L’engin le plus productif était la ligne de fond, d’une trentaine d’hameçons, disposés tous les 3 mètres. Tendue en travers de la rivière, en oblique, elle devait mesurer une centaine de mètres de longueur. Pour aller la poser, le soir avant le coucher du soleil, il fallait d’abord capturer, à l’aide d’une bêche et d’un bon coup de talon, une trentaine de gros vers de terre, dont les anguilles raffolaient. Nous posions aussi les nasses, non loin de la rive, amarrées à une branche basse, de façon peu voyante pour qu’elles ne soient pas visitées avant notre retour par quelque pêcheur indélicat. Le tramail, un filet d’environ 1,20 mètre de hauteur plombé à sa partie inférieure et muni de petits flotteurs à sa partie supérieure, constitué de 3 mailles juxtaposées (les 2 mailles extérieures mesurant 10 cm de côté, et la maille centrale peut-être 5 cm), était, lui, posé en général dans les herbiers de cette rivière dont le débit était plutôt calme et régulier. C’est ainsi que pendant des années, le congélateur de notre maison a toujours été garni de réserves conséquentes de poissons d’eau douce et de délicieuses anguilles que nous adorions faire cuire au barbecue. Le tramail, de temps à autre, nous ramenait une belle carpe, que notre mère cuisinait avec une succulente sauce au whisky.
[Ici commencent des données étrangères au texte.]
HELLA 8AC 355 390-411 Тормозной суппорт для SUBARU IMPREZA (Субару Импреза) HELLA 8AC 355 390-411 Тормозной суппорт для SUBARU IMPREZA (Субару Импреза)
J’avais par la suite prolongé quelque peu mon expérience de la pêche au tramail à bord du « Bel-EspoirII », le trois-mâts du Père Jaouen, à bord duquel j’avais eu la chance d’effectuer mon service militaire. Nous allions le poser parfois dans quelques rochers bretons, et Michel Jaouen ne laissait alors à personne d’autre le soin de confectionner avec nos maigres captures une délicieuse soupe de poisson générale dont lui seul avait le secret. J’en salive encore.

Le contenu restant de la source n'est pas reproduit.